General information
- Type: Military reconnaissance aircraft
- National origin: France
- Manufacturer: Farman
- Number built: 1

History
- First flight: 1916

= Farman F.45 =

Prototype French military reconnaissance biplane of 1916

The Farman F.45 was a prototype military biplane built by Farman in France during World War I. Its performance proved disappointing and it was not ordered into production.

==Design==
The F.45 was of mostly conventional layout for its day, but represented a design departure for Farman. It was a single-bay, unstaggered sesquiplane with seating for the pilot and observer in tandem, open cockpits. It was powered by a piston engine in the nose driving a tractor propeller, and was equipped with fixed, tailskid undercarriage. The tail was of conventional design.

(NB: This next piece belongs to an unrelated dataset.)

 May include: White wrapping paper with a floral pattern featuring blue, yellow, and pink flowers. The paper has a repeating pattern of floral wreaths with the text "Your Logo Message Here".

An unusual feature of the design was that instead of being attached directly to one or both sets of wings, the fuselage was mounted on struts in the interplane gap.

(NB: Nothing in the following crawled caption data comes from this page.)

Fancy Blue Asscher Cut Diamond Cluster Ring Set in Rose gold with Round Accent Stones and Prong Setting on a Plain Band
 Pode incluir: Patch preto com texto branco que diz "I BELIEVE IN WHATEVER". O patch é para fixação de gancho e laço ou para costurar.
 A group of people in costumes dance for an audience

A contemporary Autochrome photograph by Léon Gimpel exists in the archives of the Société française de photographie of a very different aircraft also identified as an "F.45" at the time. This aircraft also has a conventional, tractor configuration, but instead of being mounted in the interplane gap, its fuselage is mounted directly beneath the top wings, and the lower wings are carried below on struts; an inversion of the typical biplane layout. The tail is also substantially different from the aircraft that is the subject of this article. The F.45 described by aviation historians James J. Davilla and Arthur M. Soltan in their book French Aircraft of the First World War had a long, triangular tail fin. The F.45 in Gimpel's photo has an elliptical fin, braced to the front with a strut. This article follows Davilla and Soltan's identification of the F.45. They published two photographs of the aircraft in Gimpel's photo in a section of their book titled "Farman Unknowns".

==Development==
Farman's success was built on a range of pusher designs, but by 1916 it was evident that pushers were vulnerable to attacks from behind, a fact that German fighter pilots had realised and were exploiting. The ("Aeronautical Technical Service") began work to develop a tractor-configuration replacement for the Farman F.40s then in service, a process that eventually resulted in the Dorand AR. Facing the imminent obsolescence of their product, Farman also started developing tractor-configuration prototypes, including the F.30, F.45, F.47, F.48, and F.49. All of these proved to have poor flying characteristics and performance and none reached production. Farman eventually produced the Dorand AR under license.

==Notes==
===Bibliography===
- Davilla, James J. (1997). "French Aircraft of the First World War"
- Gimpel, Léon. "Billancourt, départ pour Buc du premier fuselage d’avion militaire type F.45"
- "The Illustrated Encyclopedia of Aircraft"
- Liron, Jean (1984). "Les Avions Farman"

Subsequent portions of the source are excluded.